Mais comment grandir, forger son caractère, son estime de soi, dans ces relations avec des hommes de 10 ans plus âgés, pratiquement établis socialement ?
A aucun moment cette différence n'est interrogée, encore moins critiquée par l'adolescente à la critique pourtant si à fleur de peau, ni nulle part par l'auteure.
Merci en tous les cas à
Elena Ferrante de nous replonger dans ce que, peut-être, nous avons été ; de ce que vivent intérieurement en ce moment-même, peut-être, nos ados.
Quel talent !
Le livre est intéressant également par son évocation du milieu intellectuel universitaire - où les idées comptent manifestement peu, comparées à l'aura que procure la virtuosité intellectuelle et la carrière (les intellectuels d'extrême gauche ou catholiques sont présentés sur le même plan).
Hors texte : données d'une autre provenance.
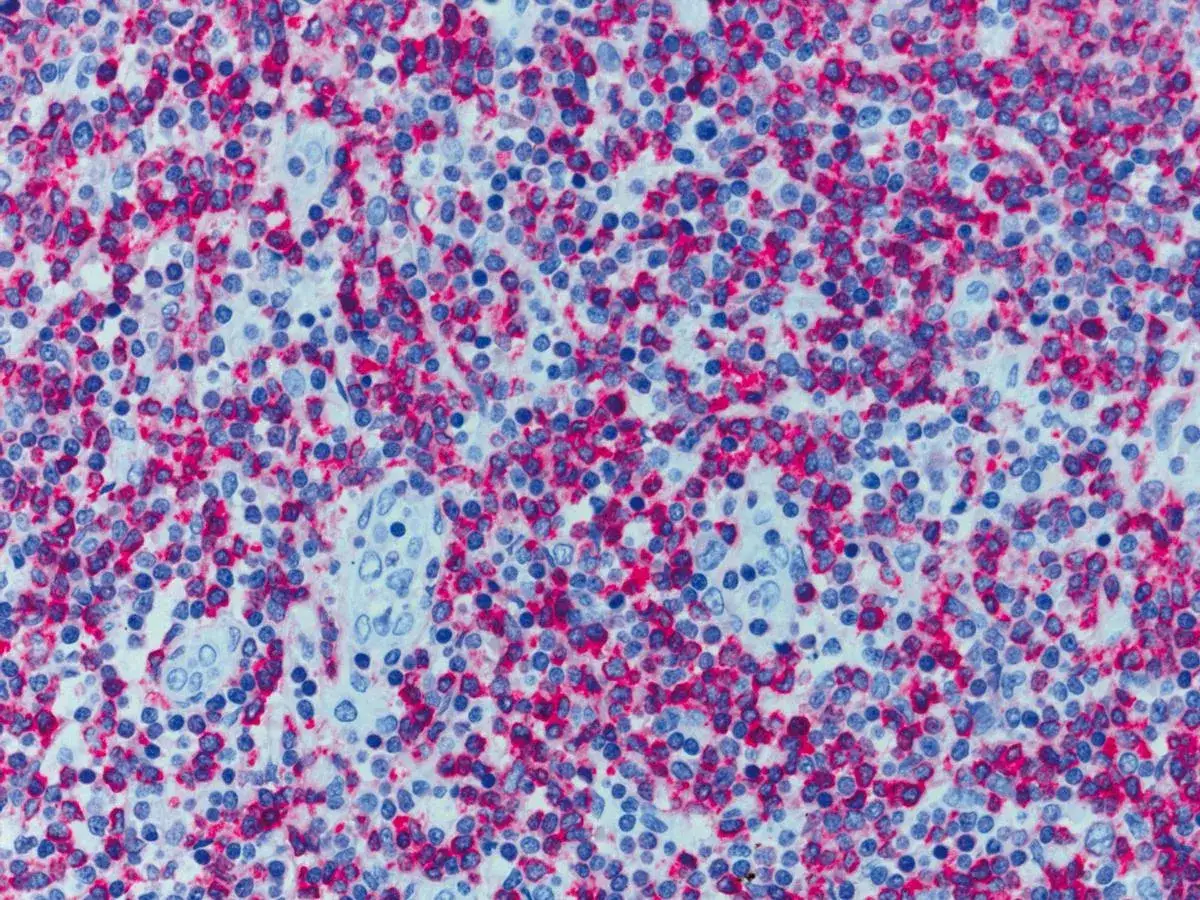 Mikroskopische Aufnahme zeigt einen histologischen Befund mit blau gef&auml;rbten Zellkernen und rot gef&auml;rbten Zellbestandteilen.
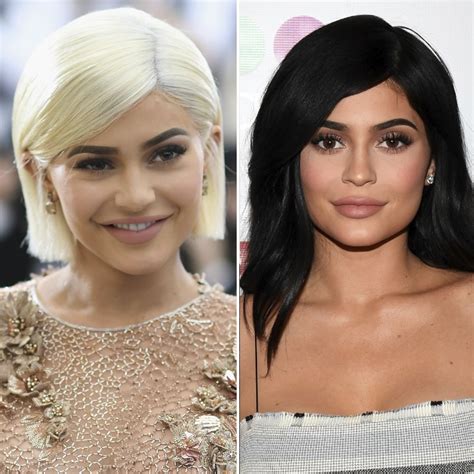 Kylie Jenner's Smile Makes Her Unrecognizable — Plus More Stars
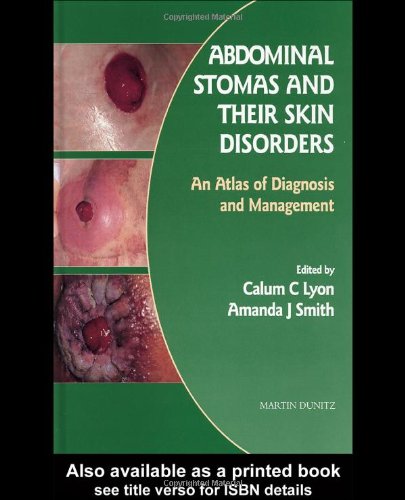 Abdominal Stomas And Their Skin Disorders An Atlas Of Diagnosis And Management 1st Edition Calum C Lyon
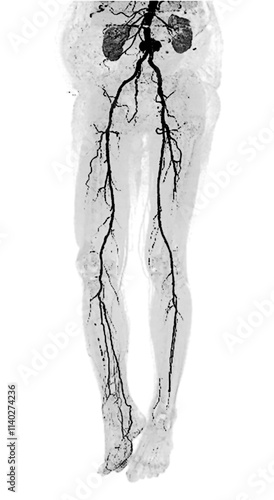 3D CTA of Lower Extremities:.A clear 3D visualization of the femoral artery and lower body skeleton, supporting vascular and orthopedic assessment. photo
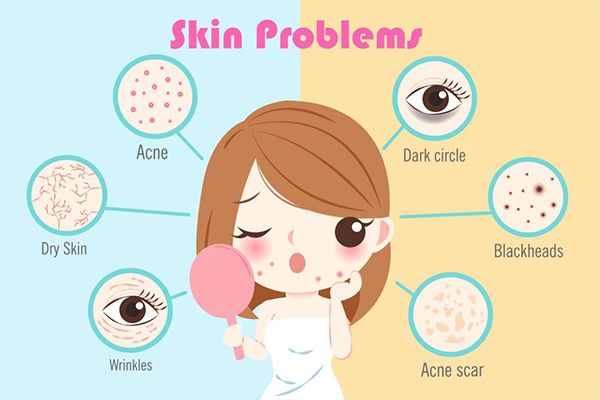 Skin Flaws over Face and their Solutions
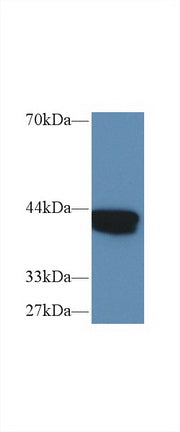 Polyclonal Antibody to Isovaleryl Coenzyme A Dehydrogenase (IVD)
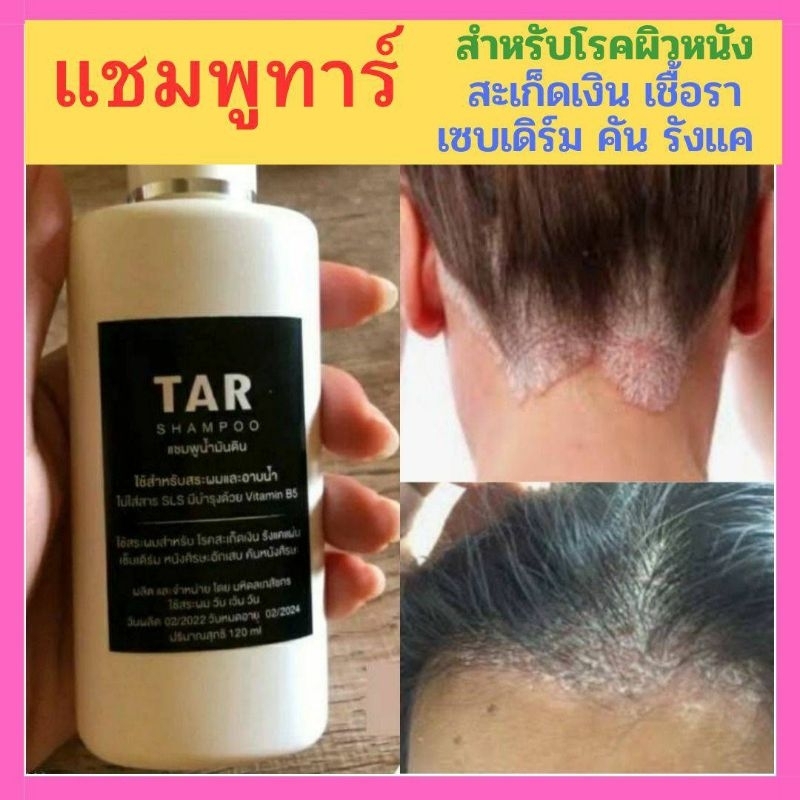 Tar Shampoo ทาร์แชมพู แชมพูรสำหรับโรคผิวหนัง แชมพูสำหรับสะเก็ดเงิน เชื้อรา เซบเดิร์ม อาการคัน รังแค (120 มล.)แชมพูทาร์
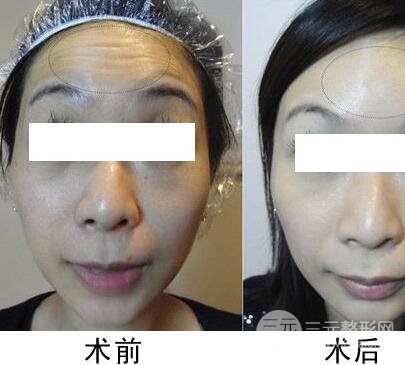 抬頭紋手術(shù)有哪些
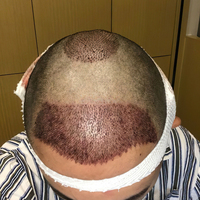 發(fā)際線用戶圖片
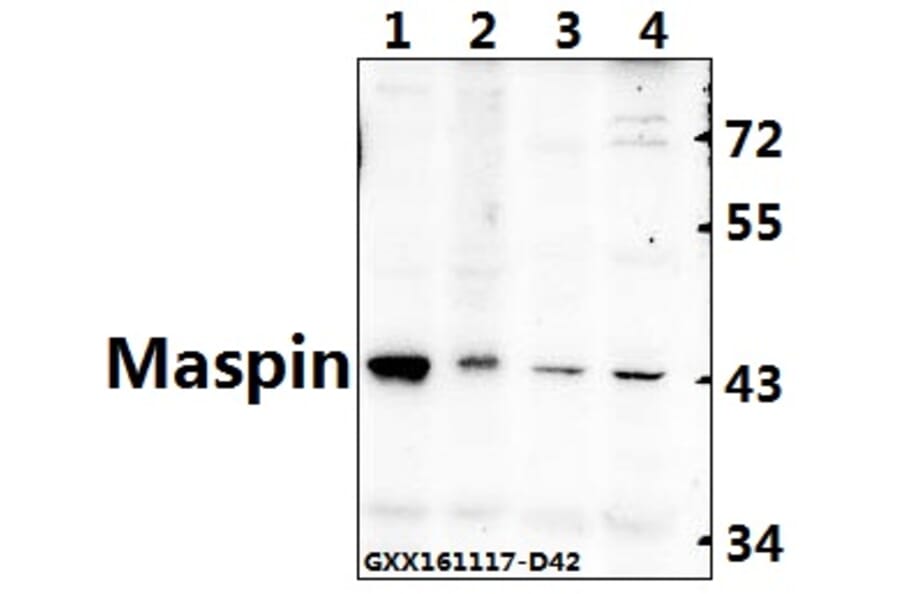 Anti-Maspin (T118) Antibody from Bioworld Technology (BS2233) - Antibodies.com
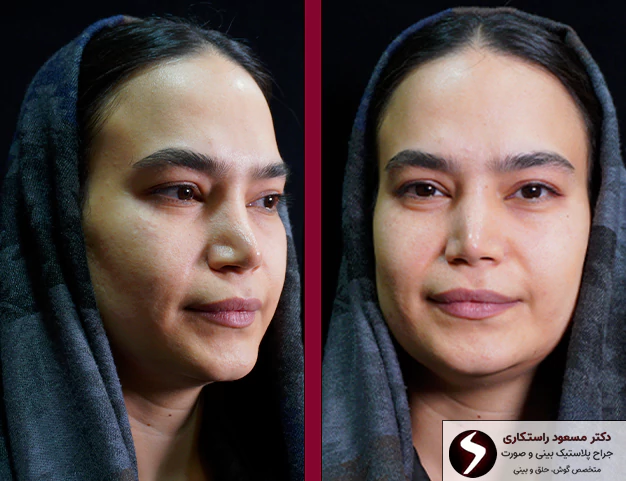 عکس نمونه کار بعد از جراحی بینی گوشتی عکس نمونه کار بعد از جراحی بینی گوشتی
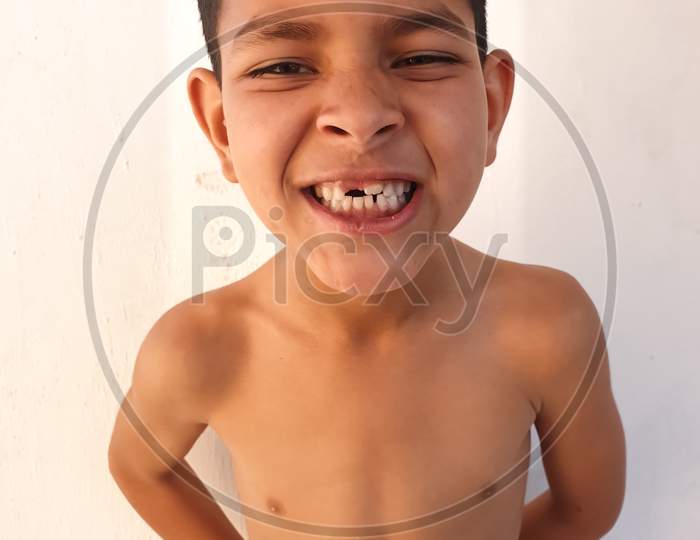 Studio shot of a shirtless little boy with funny big smile pose, A Indian kid showing his broken teeth with crazy smile, A small boy with wearing white towel and looking at camera.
4 étoiles seulement peut-être, à cause du grossissement sur un tout petit milieu seulement - en comparaison avec la saga de l'"amie prodigieuse" qui fait voir, non seulement l'évolution et la situation des fillettes, jeunes filles puis femmes de l'Italie contemporaine, mais aussi toute la société italienne, socialement, politiquement, sur plusieurs décennies. 4 étoiles seulement par nostalgie de l'incroyable ampleur de cette saga, capable pour autant de cohabiter avec la même description minutieuse du monde intérieur des personnages féminins, notamment dans le très jeune âge.